Once I discover something that works for me, I stick with it until something clearly superior comes along. For years I used the venerable 8085 microprocessor for instrumentation designs because the instruction set held no surprises, costs were low, and as time went on the speed increased while power requirements decreased. Did it really matter what was under the hood as long as it ran and ran economically? About four years ago, though, the growing popularity of C and skeptical customers (not to mention skeptical employees) concerned about bits and megahertz pushed me into looking for another processor. In my mind that next device had to be revolutionary, not evolutionary. I wanted something that would carry me forward for the next ten years just as the 8085 had done for the previous decade. The processor, or more formally the microcontroller, I found was Intel's 80C196KC. This device is designed for control applications requiring high-level language support, quick reaction to external or internal events and offloading to hardware of some of the repetitive operations that are the heart of many embedded designs.

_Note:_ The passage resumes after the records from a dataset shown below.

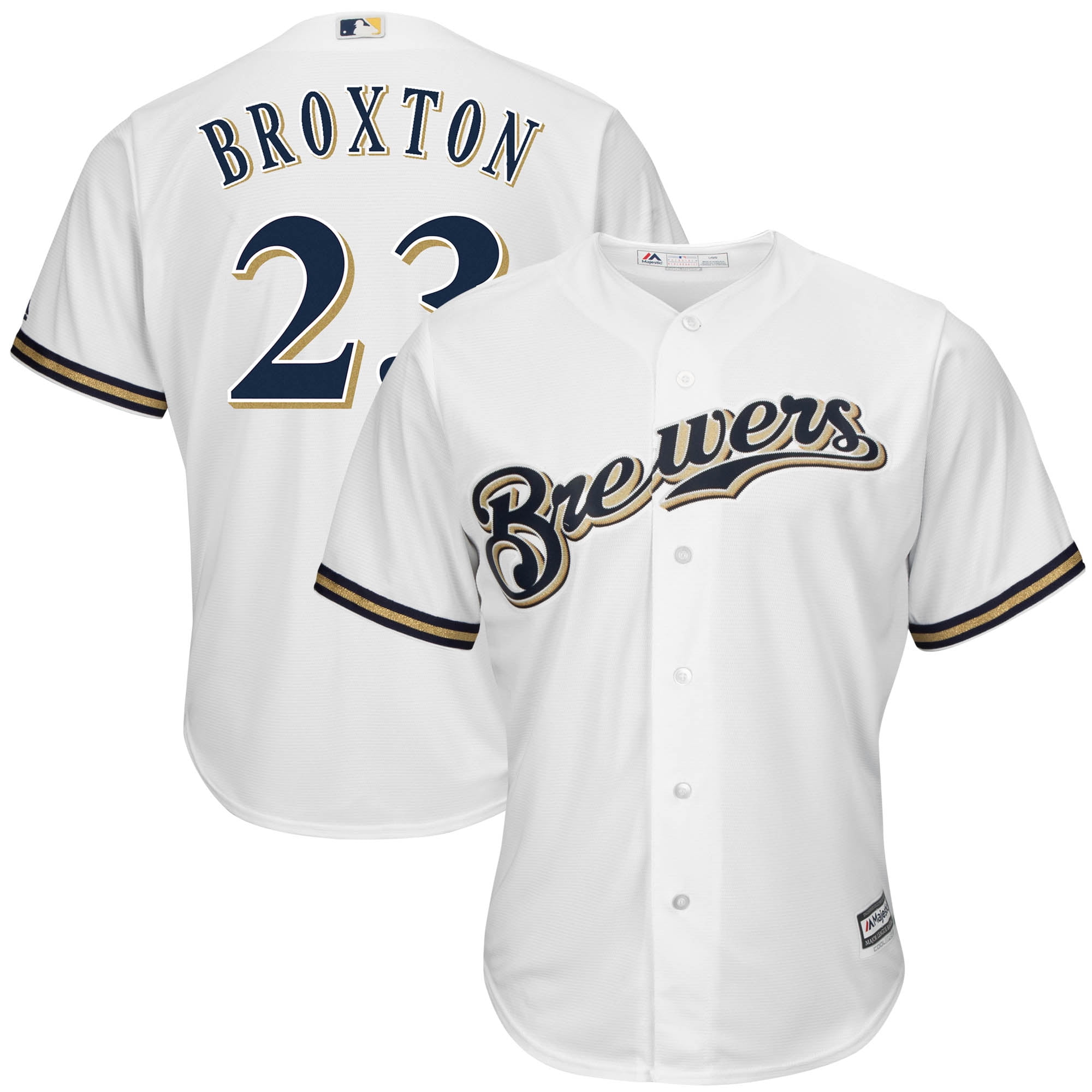 تامين اون Keon Broxton Milwaukee Brewers Majestic Home Cool Base Replica ... تامين اون تامين اون Keon Broxton Milwaukee Brewers Majestic Home Cool Base Replica ... تامين اون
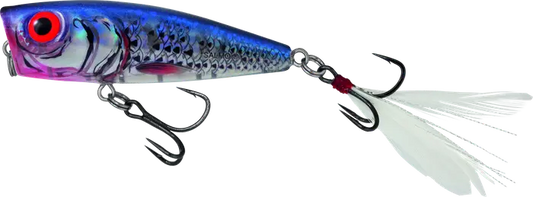 Salmo Rattlin' Pop Floating 7cm Clear Blue Shiner 24g.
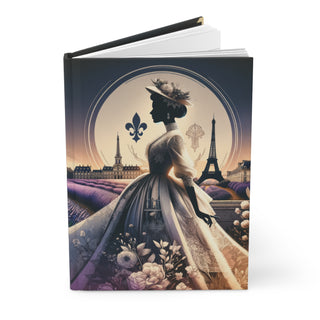 French Queen - Hardcover Matte Journal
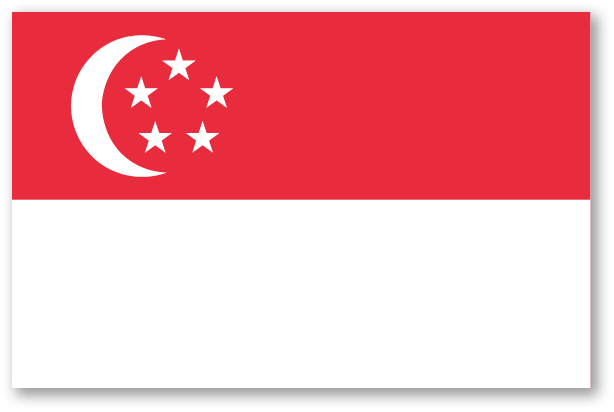 Flag of Singapore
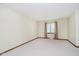 Serene bedroom with neutral carpeting and a window offering natural light at 450 W 250 N, Lebanon, IN 46052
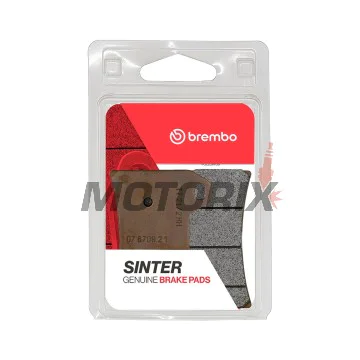 Brzdové destičky -BREMBO- 07BB1990, Aprilia RSV/Falco/Pegaso, BMW F800, Ducati Monster/ST/Multistrada, Moto Guzzi Breva/California/Norge/Stelvio, KTM Duke/LC4/SM, Yamaha XJR/TRX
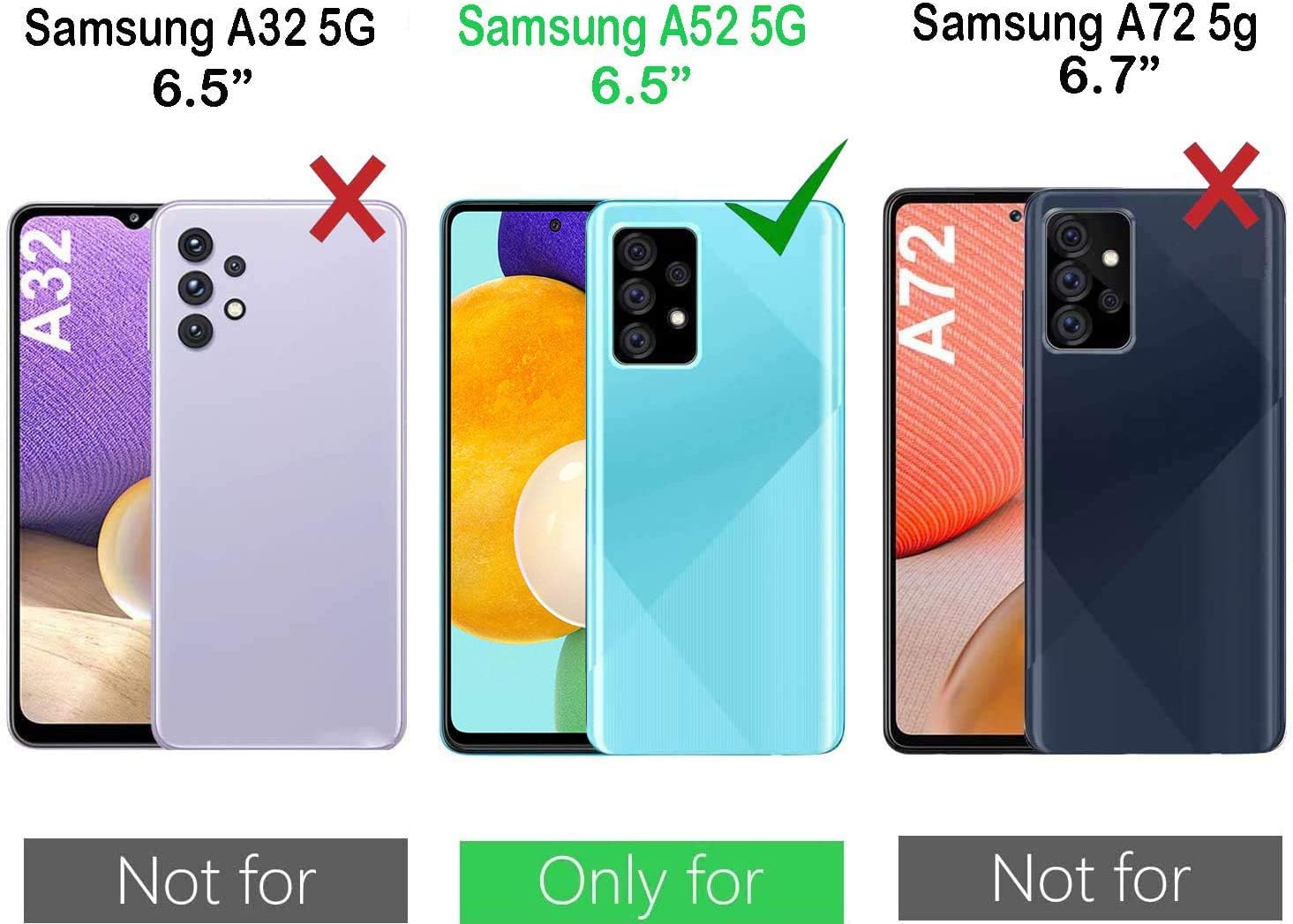KP TECHNOLOGY Samsung Galaxy A54 5G / A53 5G / Galaxy A52s 5G / A52 5G Tempered Glass Screen Protector Easy Bubble-Free Installation Ultra Clear Shatterproof 9H Hardness Anti Fingerprint - Image 5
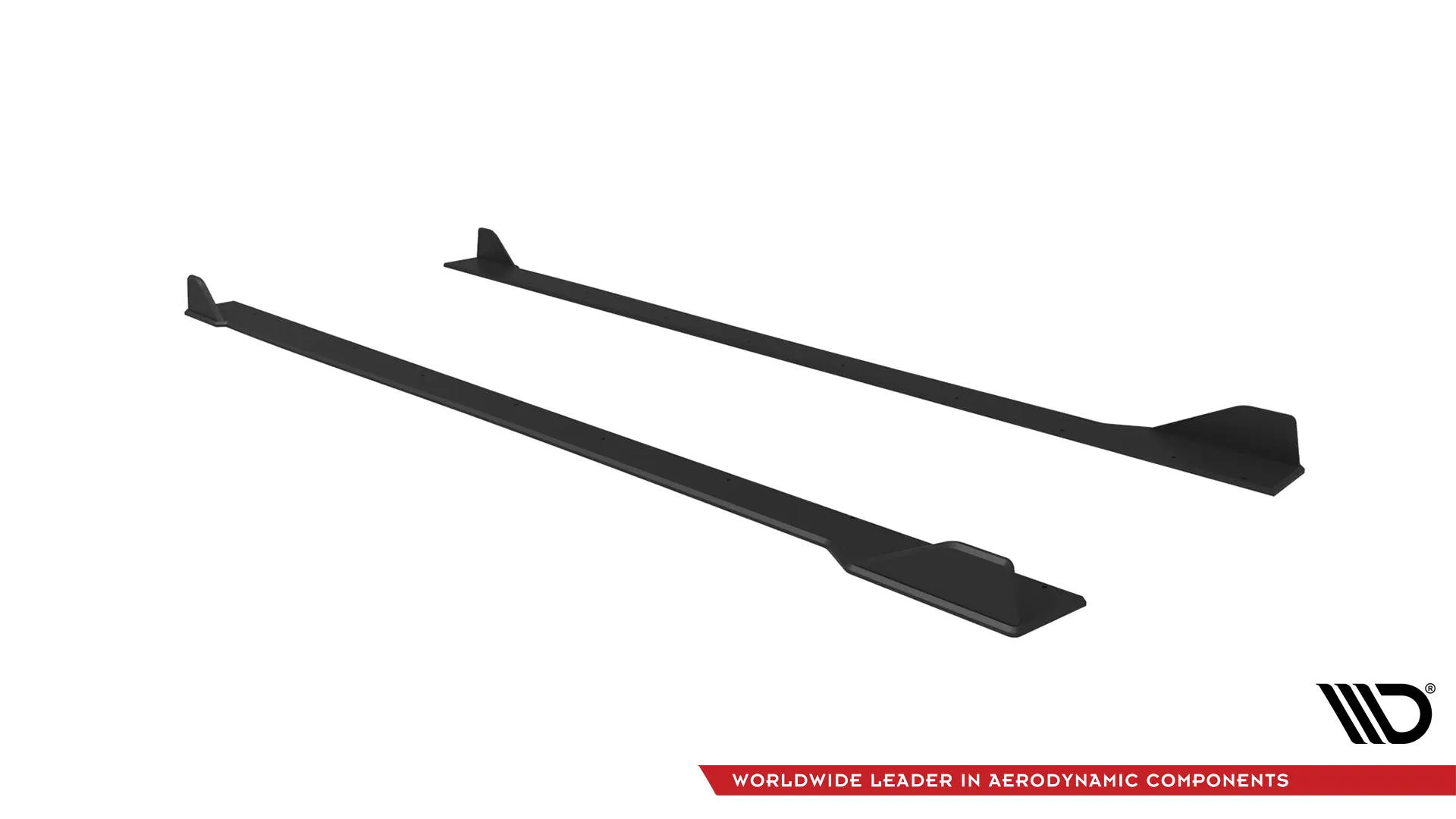 Sideskjørt V.2 BMW M2 Coupe (G87) 2023 - > | Street Pro Black Edition – bilde 5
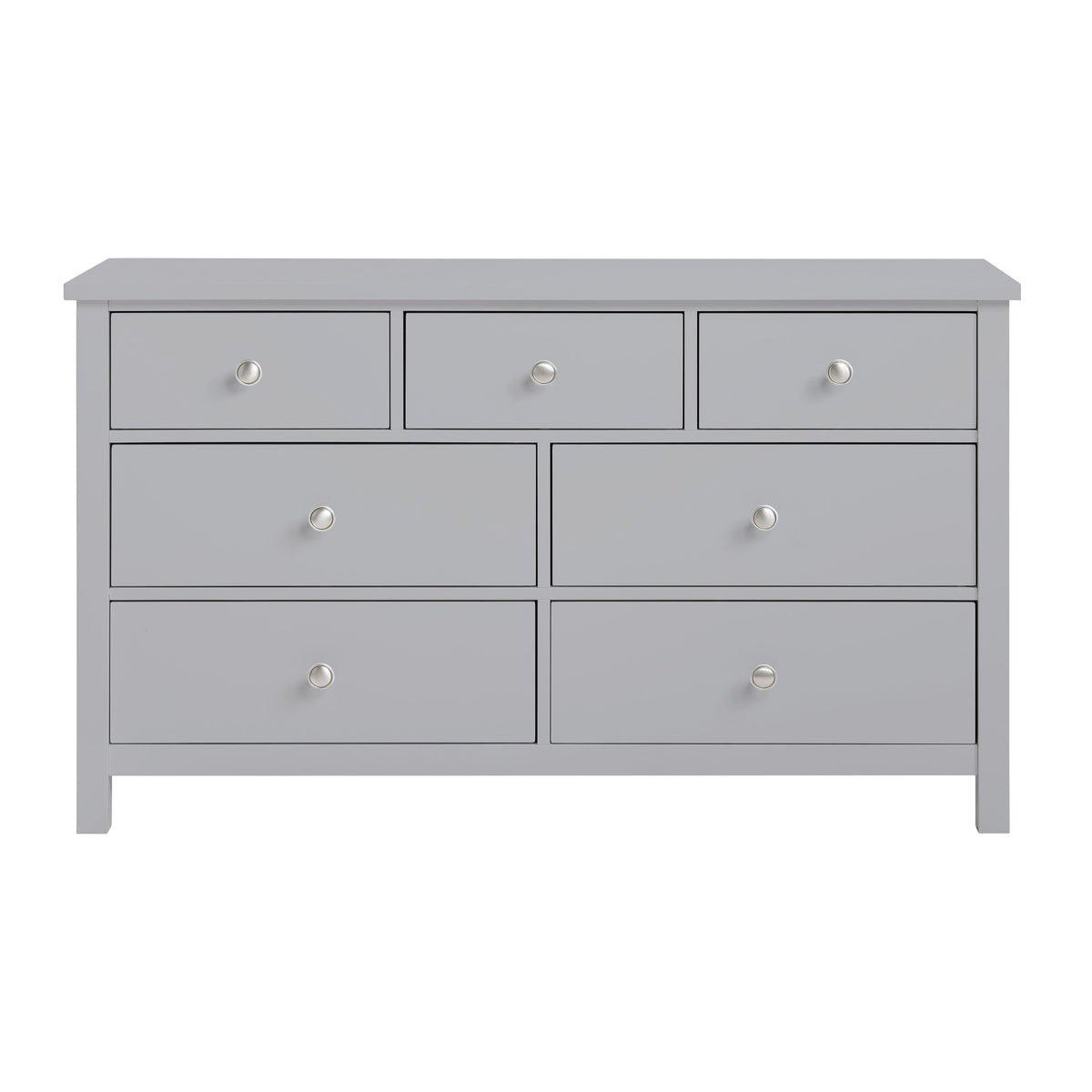 Orion Gray 7-Drawer Dresser by Homelegance at Eve Furniture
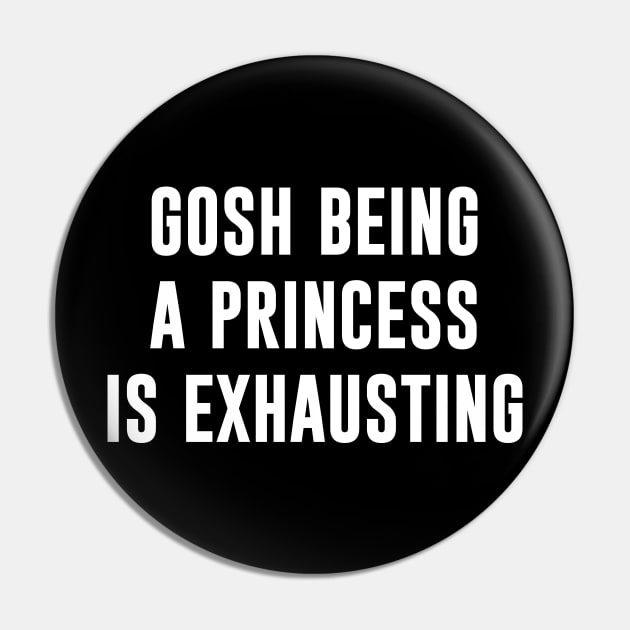 Gosh being a princess is exhausting Pin by amalya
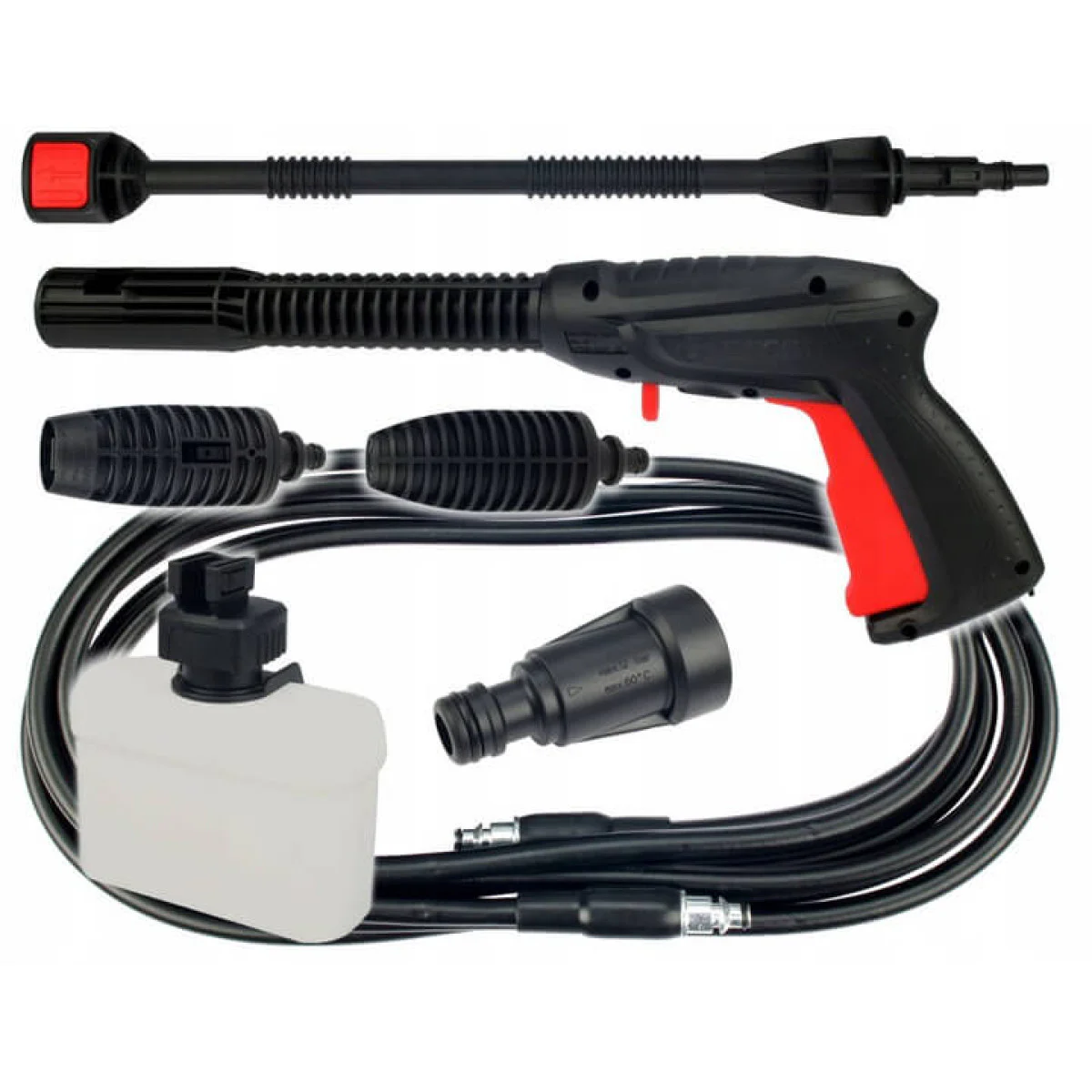 Водоструйка Bosch EasyAquatak 110 - 1300 W, 110 bar, 330 л/ч 06008A7F00
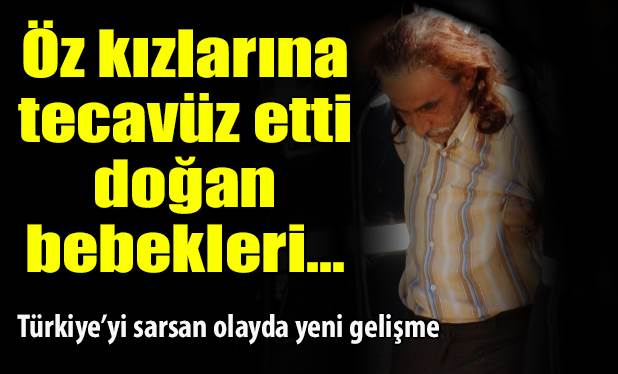 Cinsel istismarcı babaya ikinci ceza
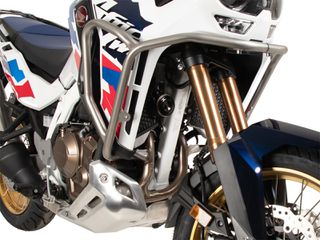 Hepco Becker/ Προστατευτικές μπάρες ρεζερβουάρ Honda CRF 1100 L Africa Twin Adventure Sports (2024-) stainless steel (5029544 00 22)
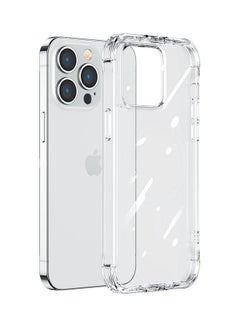 Joyroom Defender Series Case Cover for iPhone 14 Pro Max Armored Hook Cover Stand (JR-14H4) Clear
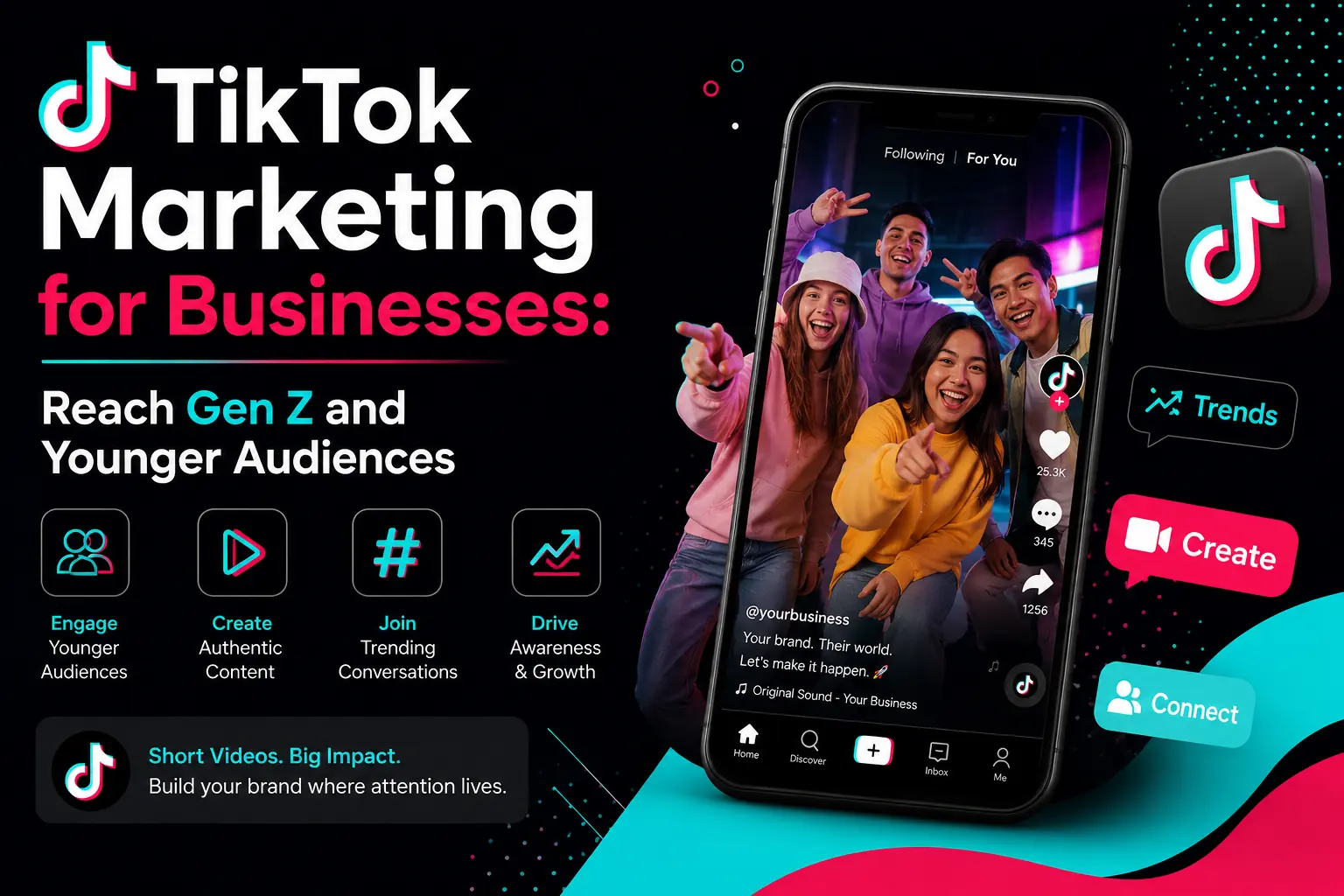 TikTok Marketing for Businesses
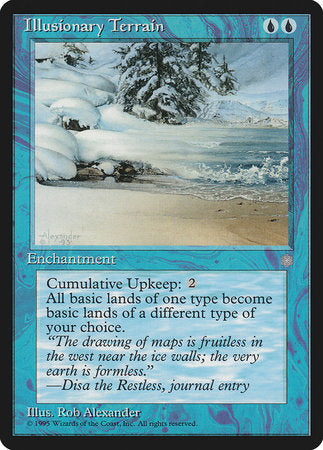 Illusionary Terrain [Ice Age] | North Game Den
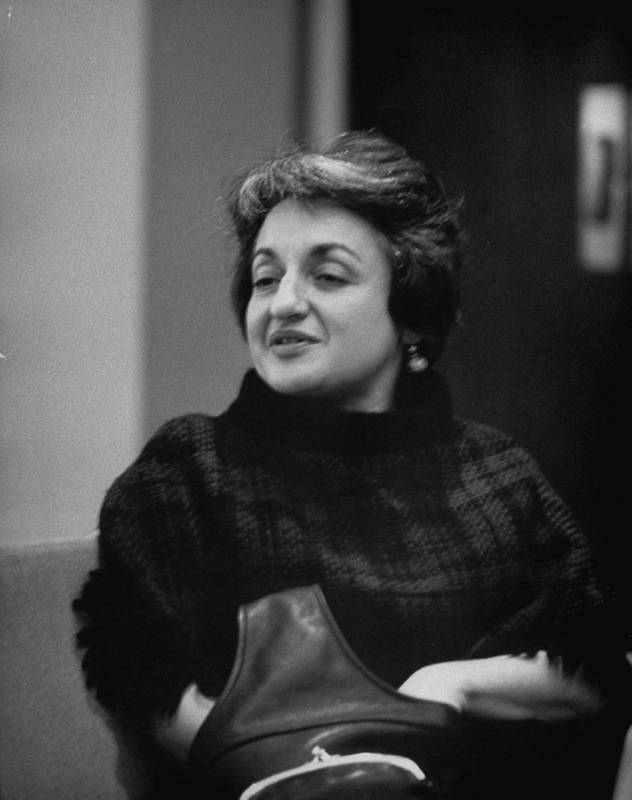 Betty Friedan pictured in 1965 (Jim Seymour—;The LIFE Images Collection/Getty)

The 80C196KC is an outgrowth of the 8096 Intel developed for the auto industry in the mid ‘80s. As the chip evolved, each generation has maintained software compatibility with previous versions while adding new features. Examples of improvements include new instructions, more I/O and additional interrupts. Some generations of the chip are even pin compatible. In addition, the device fulfills my requirement for a revolutionary processor with features that are truly amazing for a single-chip microcontroller. It incorporates a UART with three modes of operation; three pulse-width modulated outputs; two timers; 28 interrupt sources; a watchdog circuit; parallel I/O with built-in FIFO; 232 8-bit registers; a content-addressable memory (CAM); and an 8-channel 10-bit A/D converter. Other interesting features include a dynamically configurable bus that can change between 8- and 16- width on each instruction, opcodes optimized for the C language, and low-power operating modes. (For a full discussion of these features, get Intel's handbook titled "16-Bit Embedded Controllers," order number 270646-003.)

What's a CAM?

In my mind, the neatest feature of this microcontroller is the CAM. To understand how this mechanism works, start with a model that you might be more familiar with---mechanical cam logic. It's what causes an auto's valves to open and close synchronously with piston position; designers previously used it to control dishwashers and traffic lights. Basically, a mechanical cam consists of a shaft with a series of actuators spaced at predetermined locations. As the shaft turns, the actuators cause events to occur by closing switches or moving linkages at predetermined shaft positions.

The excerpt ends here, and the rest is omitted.